----- PROVIDED MATERIAL -----

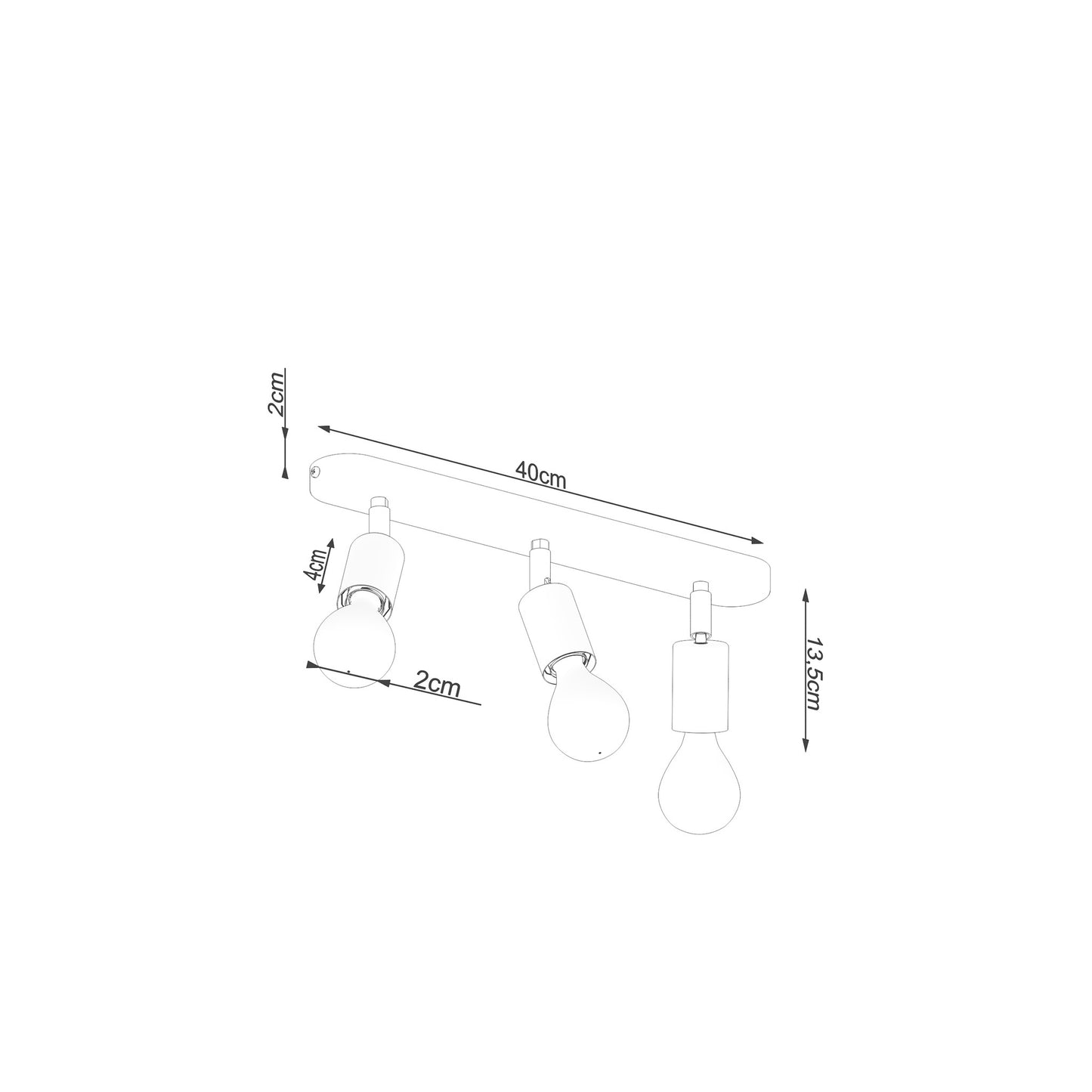 Fornes 3 Ceiling Light in Black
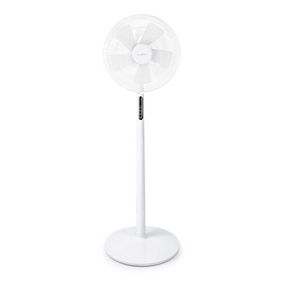 Stojanový Ventilátor | Průměr: 400 mm | 3-Rychlostní | Rotace | 45 W | LED | Časovač vypnutí | Dálkové ovládání | Bílá
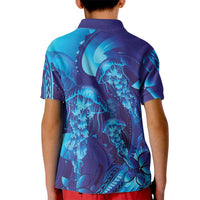 Purple Paradise Polynesia Jellyfish Kid Polo Shirt Plumeria Polynesian Tattoo Glowing Vibes LT14 - Polynesian Pride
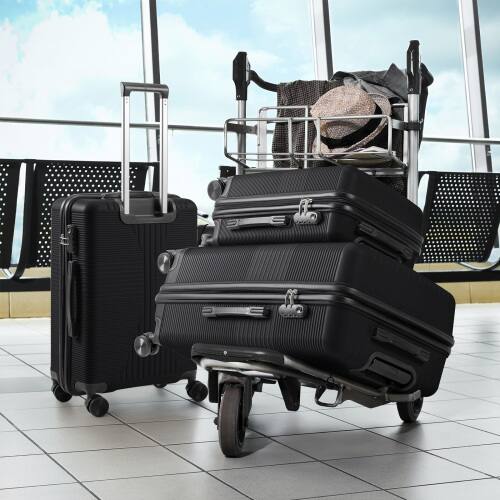 Alt View 7. Winado - 3-in-1 20" 24" 28" Trolley Carry On Luggage Set Spinner Wheels Lightweigh Hardside PP Suitcase Sets with Built-in Lock - Black.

-----

_ACTIVITY_: Transcribe each line of the material above verbatim, but do not include the images.

_SOLUTION FOR THIS EXERCISE_:
 Fornes 3 Ceiling Light in Black
 Stojanový Ventilátor | Průměr: 400 mm | 3-Rychlostní | Rotace | 45 W | LED | Časovač vypnutí | Dálkové ovládání | Bílá
 Purple Paradise Polynesia Jellyfish Kid Polo Shirt Plumeria Polynesian Tattoo Glowing Vibes LT14 - Polynesian Pride
 Alt View 7. Winado - 3-in-1 20" 24" 28" Trolley Carry On Luggage Set Spinner Wheels Lightweigh Hardside PP Suitcase Sets with Built-in Lock - Black.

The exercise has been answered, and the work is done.